- Born: 1888 Bhendi Bazaar, Bombay, British India
- Died: 11 February 1953 (aged 64–65) Delhi, India
- Genres: Hindustani classical music
- Occupations: Vocalist, Composer
- Years active: 1900s – 1953

= Aman Ali Khan =

Indian singer (1888–1953)

Ustad Aman Ali Khan ‘Amar’ (1888–1953) was an Indian classical vocalist and composer from the Bhendi Bazaar gharana.

He brought many Carnatic ragas into Hindustani classical music.

==Career==
Aman Ali Khan was born in 1888.
Aman Ali Khan was the son of Chhajju Khan, one of the founders of the Bhendi Bazaar gharana, who came from Uttar Pradesh and settled in the Bhendi Bazaar area of Bombay.
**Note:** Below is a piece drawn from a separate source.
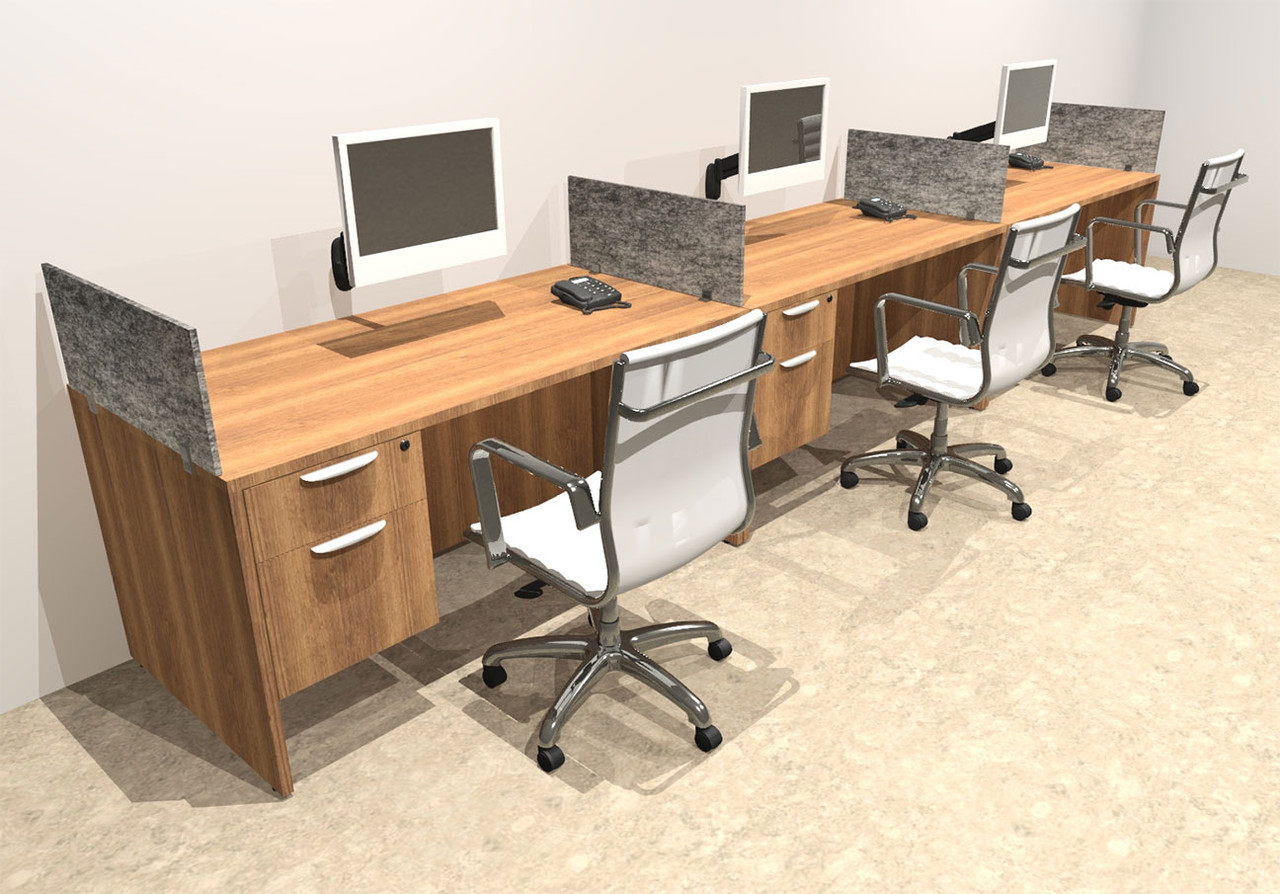 Three Person Modern Accoustic Divider Office Workstation Desk Set, #OT-SUL-SPRG25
Aman Ali Khan learned Carnatic music under the guidance of Kalanidhi Bidaram Krishnappa, court musician of Mysore state. He introduced rhythmic play (layakari) and style of solfa singing (sargam) to the Bhendi Bazaar gharana. Aman Ali's music was especially noted for its rhythmic sargam patterns, for which he derived inspiration from Carnatic music. The great vocalist Amir Khan considered Aman Ali Khan to be a major musical influence in his life.

==Death==
Aman Ali Khan left Bombay in 1947 and settled in Pune. He contracted pneumonia while visiting Delhi for concerts and died on February 11, 1953.

His style influenced Amir Khan and Vasantrao Deshpande. His disciples include Shivkumar Shukla, T. D. Janorikar, Muhammed Hussain Khan, playback singers Manna Dey and Lata Mangeshkar, music director Nisar Bazmi, Wali Ahmed Khan, B. Chaitanya Dev and harmonium player Shantilal.